> [What you have to do] Apart from pictures, transcribe exactly each line from the one containing "PROTECT ME, SHUGOMARU!" through the final line of the listing below.

> [Dataset excerpt]
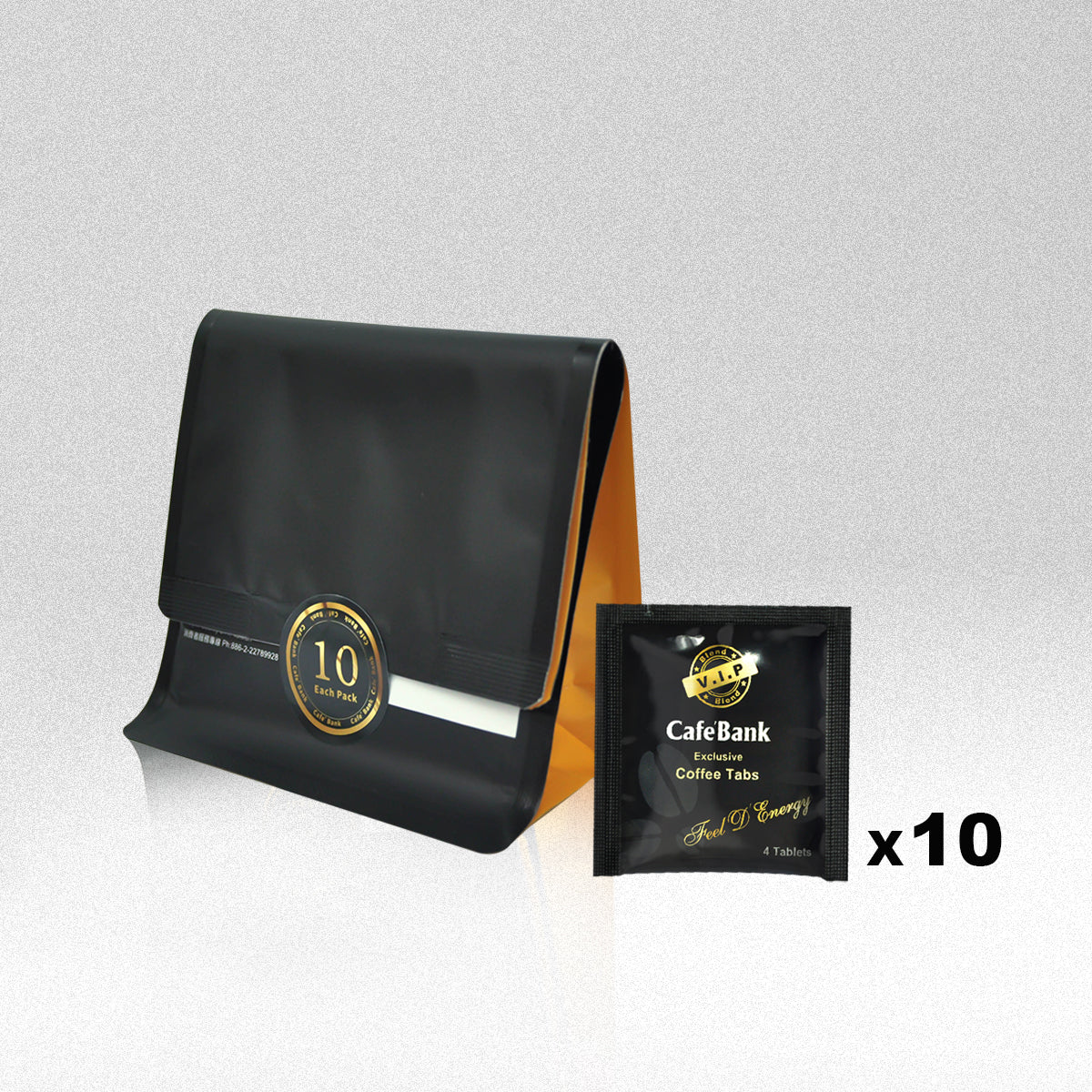 VIP Coffee Tablets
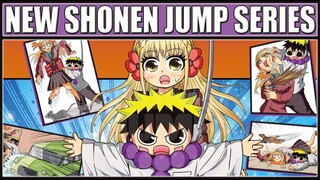 PROTECT ME, SHUGOMARU! - New Shonen Jump Manga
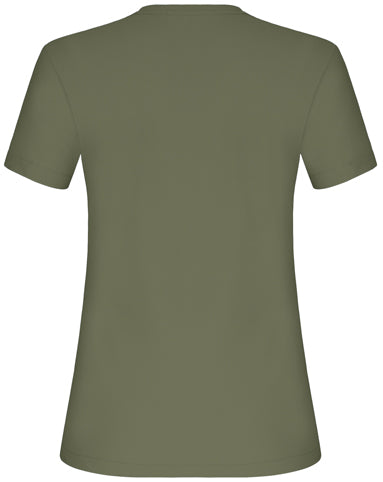 PLAYERA CUELLO REDONDO INFINITY DAMA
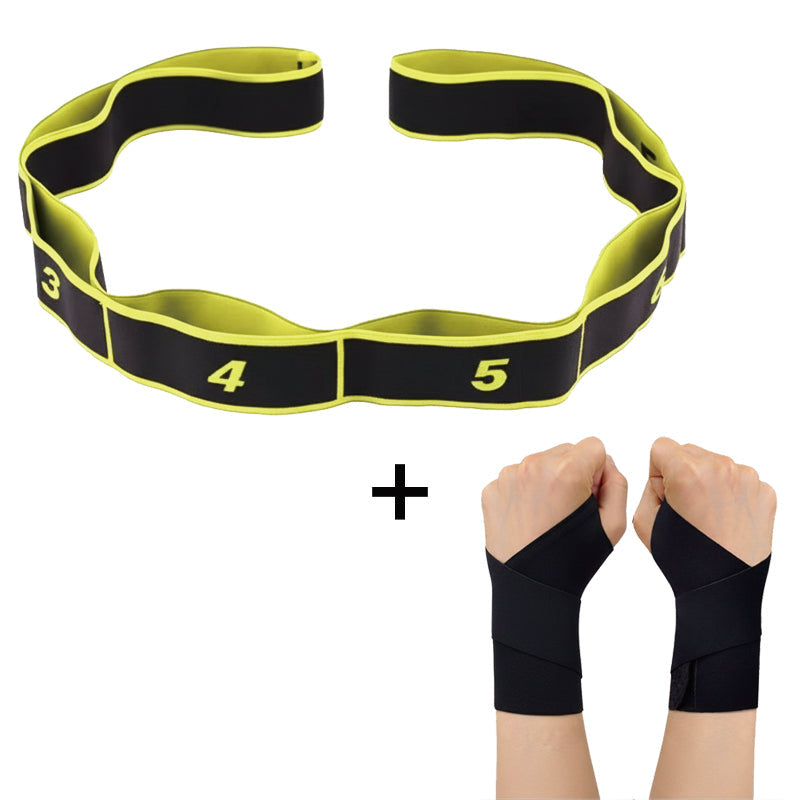 🧘Fitness-Widerstandsband für Dehnübungen und Yoga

> [Response for this exercise]
 PROTECT ME, SHUGOMARU! - New Shonen Jump Manga
 PLAYERA CUELLO REDONDO INFINITY DAMA
 🧘Fitness-Widerstandsband für Dehnübungen und Yoga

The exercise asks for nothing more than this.